Never, ever buy at eye level. If you want to save money, look down
To combat this trick, look up and then look down. If you are aware that the most expensive items are within 12 inches of eye level. Then look somewhere else.
This rule stands except for when you get to the cereal aisle because those foods that are meant to appeal to kids, so the flashier and more expensive cereals at kids-eye-level. Researchers at Cornell have found that the packaging on kid-targeted cereal is designed so that the cartoon characters on the boxes make eye contact with the little folks passing by.
Then there are the bumpouts, those displays and shelves that curve or jut out. They catch your eye and they make the merchandise more tempting.
I've seen cookies and tea and mustards and pasta and olive oil bumpouts, and — while not proud to say this — they suck me in every time. I once bought orange honey mustard. What was that about?
Speed bumps for your grocery cart
Supermarkets are organized to slow you down so you'll buy more. The average store contains 73 product displays to stop you in your tracks.
There's something called adjacency. That's when you go to pick up your box of tea and, if you look down the aisle, what else do you see? Cookies.
The next thing you know, you have chocolate chip cookies and ginger snaps in your cart. Proximity, your mind (or stomach) and the grocery store have colluded against you.
Another supermarket trick: the dairy department is always located as far away from the front door as possible. So if you nip in to buy eggs or yogurt, cheese or milk, for customers it means that you will have to walk the length of the store, passing bumpouts and other tempting products, just to get there.
I find dairy is the only aisle where I have to stop and let someone with a cart get by me. It's all the better to slow you down.

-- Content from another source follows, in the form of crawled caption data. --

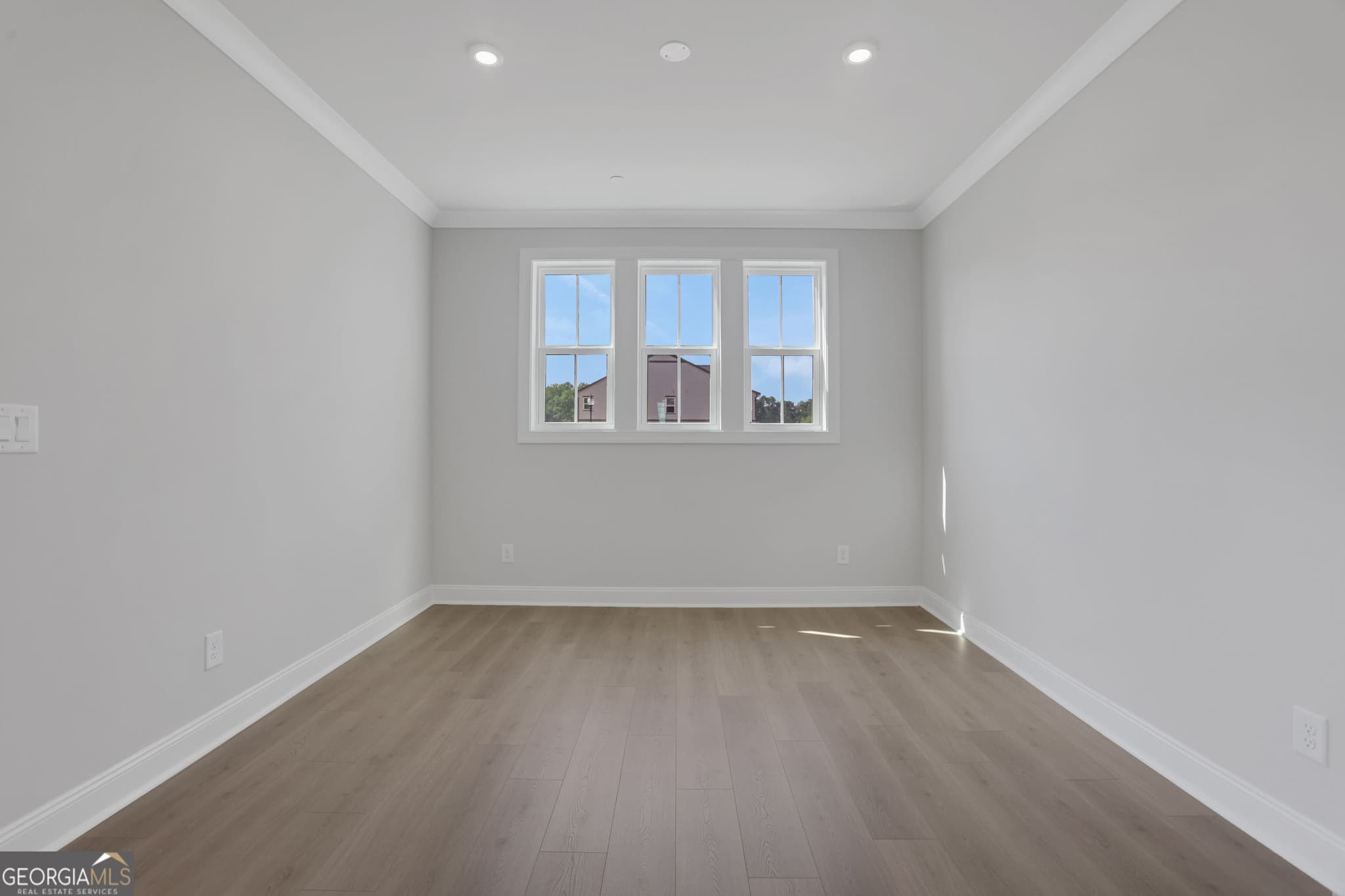 5 bedroom, 4 bathroom, 3,314 sq ft single family residence for sale at 2250 Velvet Sage Way, Marietta, GA 30066 — photo 3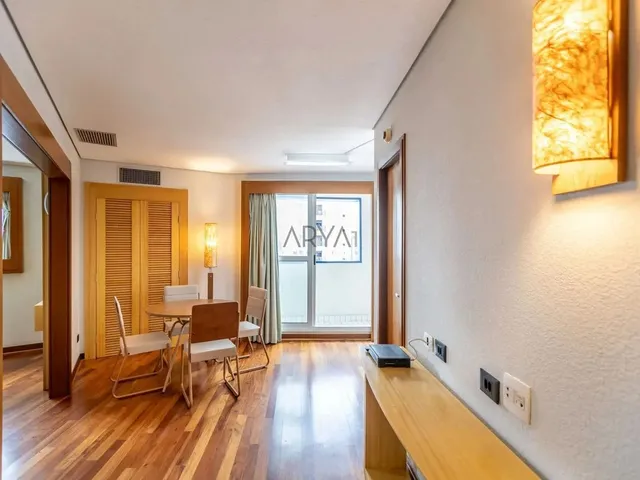 Imagem 9: Apartamento À Venda no Batel Arya1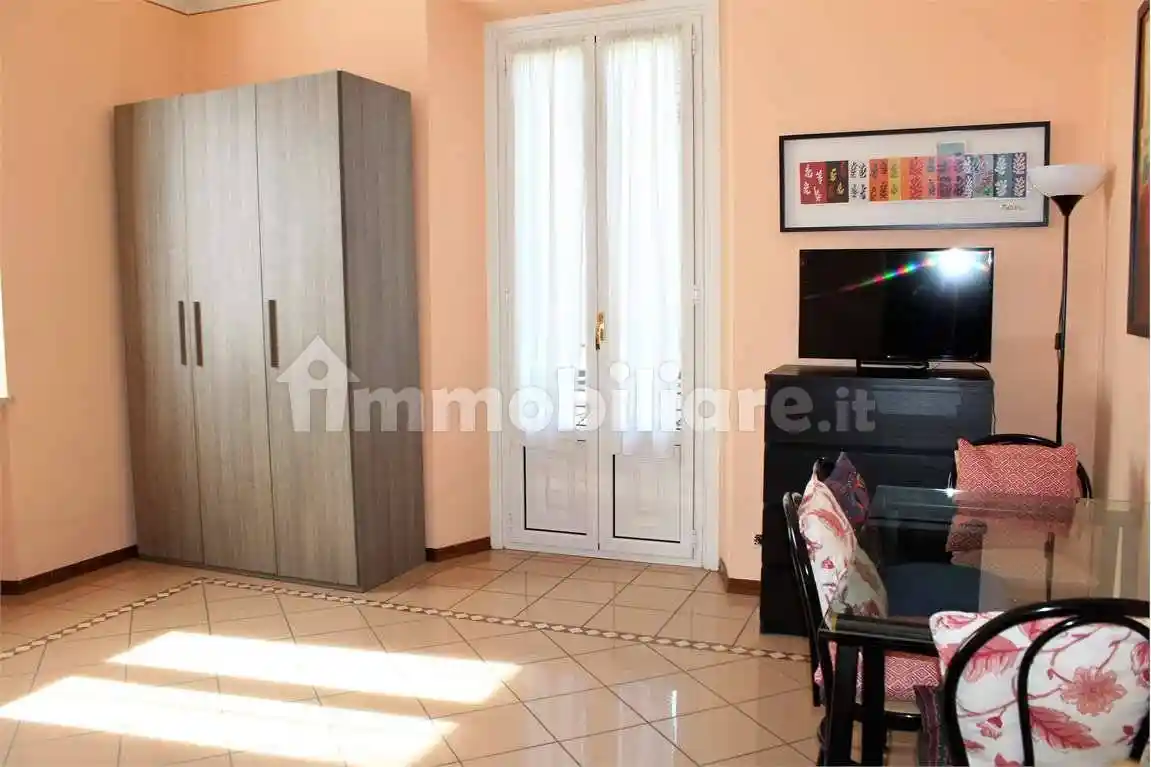 Appartamento in affitto a Novara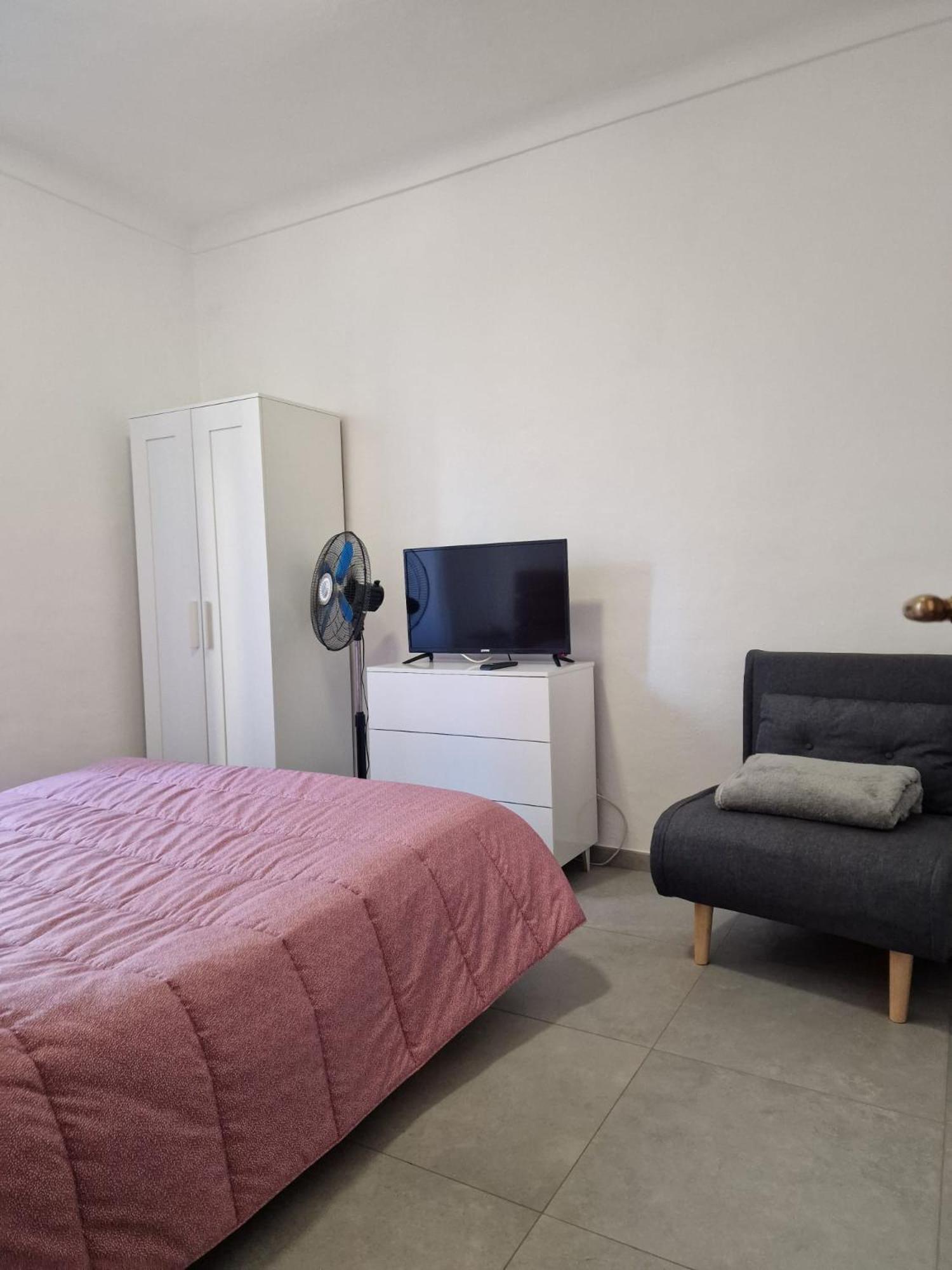 Il Nuovo Vicoletto - Sanremo Apartments מראה חיצוני תמונה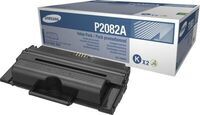 HP - Toner/MLT-P2082A 2pk BK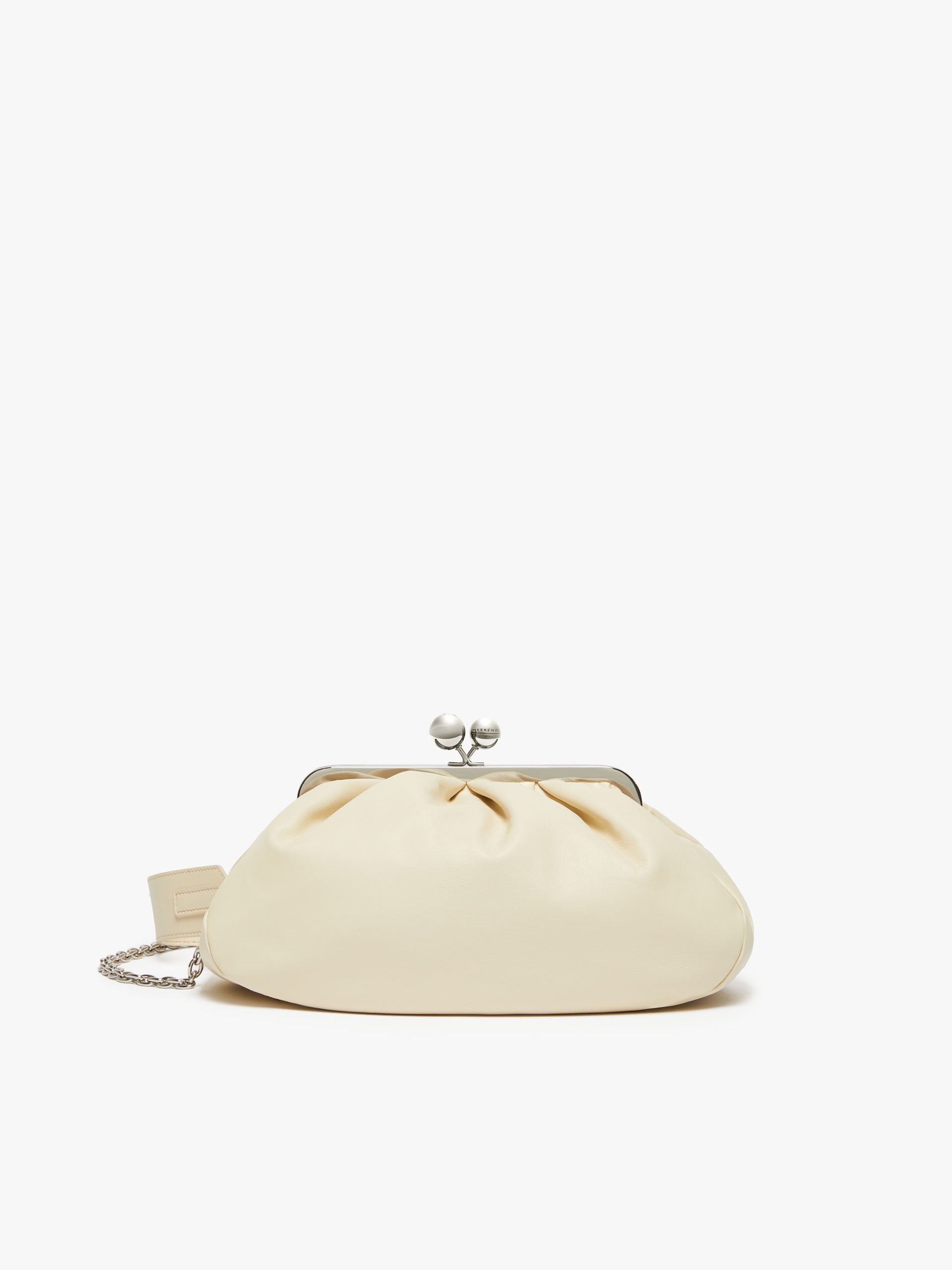 Max Mara Weekend Pasticcino Bag Cubic Ivory Women-3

I am always learning at my grocery store. About five years ago, I was going through the cash and the sale was four cans of tomatoes for $5. So, I bought four and when I was checking out, I asked the clerk, "What if I only bought one? What would that cost?"
The young woman said, "Well, then, it's $1.25 each."
What! I didn't have to buy four cans to get the sale price. Now that's news you can use.
Speaking of the checkout, you'll spend about 55 minutes per month in that line at the grocery store, according to a British newspaper report.
Have you ever seen all the grocery lanes open? No. That's because they want you linger there, to look at the magazines, and the chocolate, and the gum. How many Cherry Blossoms have I bought on my way through the line? I don't even want to guess.
If you have children, this is the most dangerous place in the grocery store.
They are, indeed, the direct target. The items placed here are called Pester Power Items. Or as I like to refer to it, nag the parents mercilessly.
Top 10 quick shopping tips
Now that you know how you're being manipulated and swayed by the supermarket, here are my Instant Expert ten quick tips to break free of the power that supermarkets have on your shopping experience.
- 1. Do not go shopping on an empty stomach.
- 2. Eat an apple before grocery shopping as it will encourage you to buy more fruits and vegetables.
- 3. Write a list. Bring the list with you. Only shop from the list.
- 4. Enter the store and go left. Go directly to the aisle where your item is located.
- 5. Don't take a shopping cart. If you only have a few items, take the hand basket.
- 6. Bring your own music. Make it lively and keep pace as you speed through the aisles.
- 7. Leave the children at home.
- 8. Look down, look way down. Buy the store name or the generic brand.
- 9. Stick to your list!
- 10. Grocery shop on Mondays or Tuesdays as they are the least busy shopping days. If you go at dinnertime, the checkout lines will be even shorter.